Referring to FIG. 2, the elongate member cylindrical member 12 may be a wooden curtain rod of the type which is presently commercially available through a number of manufacturers. Kirsch Incorporated, for example, produces wooden drapery rods in the form of plain cylindrical polls, fluted polls having a plurality of longitudinal grooves cut into the surface thereof, and rope polls having a spiral pattern around the outer surface to give the appearance of being wrapped with rope or the like. In accordance with the invention, an elongate groove 34 is cut into the length of the rod 12 which is inserted an elongate track 36.
Referring to FIGS. 2, 3, and 4, a suitable track 36 is made of metal, such as aluminum, and has a planar elongate back 38 with parallel sides to which connect parallel side members 40, 42 and at the outer ends of the side members 40, 42 are lips 44, 46 respectively. The track 36 may be retained in the groove 34 of the rod 12 by screws, not shown, extending through a plurality of apertures 48 on the back 38 or by a suitable adhesive, not shown.
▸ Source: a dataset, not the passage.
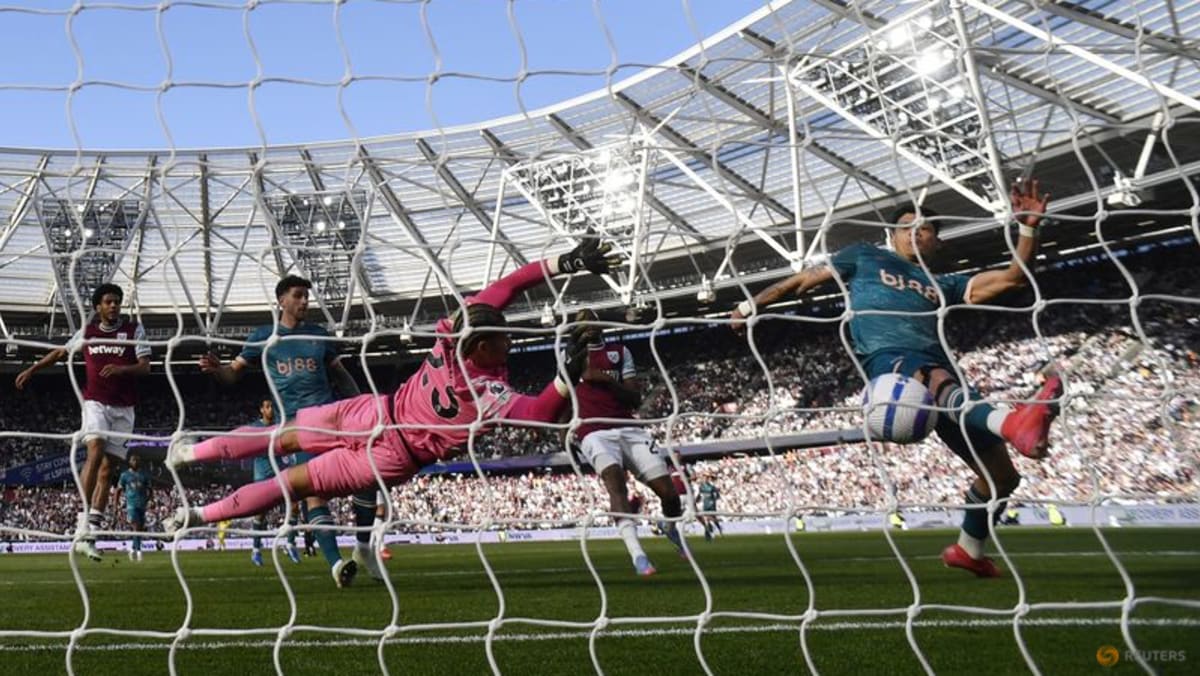 Evanilson at the double as Bournemouth draw 2-2 at West Ham Evanilson at the double as Bournemouth draw 2-2 at West Ham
An extruded aluminum track suitable for use with the present invention is sold by Kirsch, Incorporated as part numbers 9046-12 and 9046-16. To retain the Kirsch product within the wooden rod 12, the groove 34 should have a width of ⅝″ and a depth of ½″.
Referring to FIGS. 1-6, the plurality of rings 26 are retained to the rod 12 by a corresponding plurality of slides 54 having an elongate body with a loop 56 at one end, a centrally located neck 58 and a bulbous second end 60. The diameter of the neck 58 is less than the distance between the outer ends of lips 44, 46 of the track 36, and the bulbous second end 60 has a width that is larger than the distance between the lips 44, 46 such that the slide 54 is retained in the track 36 and is slideable along the length thereof. A suitable slide 54 is sold by Kirsch, Incorporated as part 9670-1. As shown in FIGS. 2 and 6, the slide 54 is available with a metal hook 50 attached to the loop 56 thereof, and the hook 50 is suitable for retaining a wooden ring 26 or any other decorative attachment to the upper ends of the drapery 24, 25.
Referring to FIG. 2, each of the end supports 14 has a planar mounting portion 62 adapted for mounting on a wall 64 and mounting holes, not shown, through which retaining screws, not shown, are fitted and an arcuate upper support portion 66 shaped to receive the cylindrical outer surface of the rod 12. When the rod 12 is oriented in the supports 14, 16 with the track 36 directed upwardly and toward the wall 64 as shown, the track 36, the slides 54, and the hooks 50 will not be visible from the interior of the room. The outer surface 67 of rod 12 can be decorated with paint and with three dimensional clay structures 68, and the decorations will not be damaged by the movement of the draperies 24, 25 on the slides 54.
When the rod 12 is oriented as shown in FIG. 2, the weight of the draperies 24, 25 will apply a torque to the rod 12 which may cause the rod 12 to rotate within the supports 14. To prevent rotation of the rod 12 within the supports 14, a first connected strip 69 is applied to the arcuate support portion 66 of the support 14 and a second connective strip 70 is applied around the outer surface 67 of the rod 12 such that the strips 69, 70 will engage each other when the rod 12 is in the support 14 as shown. In the preferred embodiment, the connective strips 69, 70 are the hook and loop connectors of the type commonly sold under the trademark VELCRO.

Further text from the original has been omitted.